YOUR GOAL
Your answer should be the lines below from the one holding "The question is: what" through the one holding "Hey guys, Amanda", copied exactly and with nothing else.

DATA TO EXAMINE
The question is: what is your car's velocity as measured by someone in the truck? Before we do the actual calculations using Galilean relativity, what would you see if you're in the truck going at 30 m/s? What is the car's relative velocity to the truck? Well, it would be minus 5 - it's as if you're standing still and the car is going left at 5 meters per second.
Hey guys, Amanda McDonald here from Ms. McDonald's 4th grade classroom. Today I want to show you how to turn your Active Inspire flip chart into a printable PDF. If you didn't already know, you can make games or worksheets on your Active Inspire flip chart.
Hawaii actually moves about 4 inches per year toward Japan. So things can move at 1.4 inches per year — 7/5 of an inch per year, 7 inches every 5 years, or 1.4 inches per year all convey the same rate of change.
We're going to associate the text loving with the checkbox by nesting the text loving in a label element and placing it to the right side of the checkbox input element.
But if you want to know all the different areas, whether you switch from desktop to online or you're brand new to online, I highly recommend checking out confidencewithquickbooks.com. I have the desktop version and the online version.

* * *

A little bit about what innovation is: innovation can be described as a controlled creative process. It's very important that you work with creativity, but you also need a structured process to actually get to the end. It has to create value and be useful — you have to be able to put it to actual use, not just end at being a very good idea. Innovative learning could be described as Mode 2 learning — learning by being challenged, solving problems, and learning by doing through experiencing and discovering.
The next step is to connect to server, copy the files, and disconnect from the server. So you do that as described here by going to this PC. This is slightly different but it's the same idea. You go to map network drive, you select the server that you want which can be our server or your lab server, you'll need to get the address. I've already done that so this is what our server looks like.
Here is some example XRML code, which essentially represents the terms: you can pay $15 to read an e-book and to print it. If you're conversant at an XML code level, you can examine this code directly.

OUTPUT BELOW
The question is: what is your car's velocity as measured by someone in the truck? Before we do the actual calculations using Galilean relativity, what would you see if you're in the truck going at 30 m/s? What is the car's relative velocity to the truck? Well, it would be minus 5 - it's as if you're standing still and the car is going left at 5 meters per second.
Hey guys, Amanda McDonald here from Ms. McDonald's 4th grade classroom. Today I want to show you how to turn your Active Inspire flip chart into a printable PDF. If you didn't already know, you can make games or worksheets on your Active Inspire flip chart.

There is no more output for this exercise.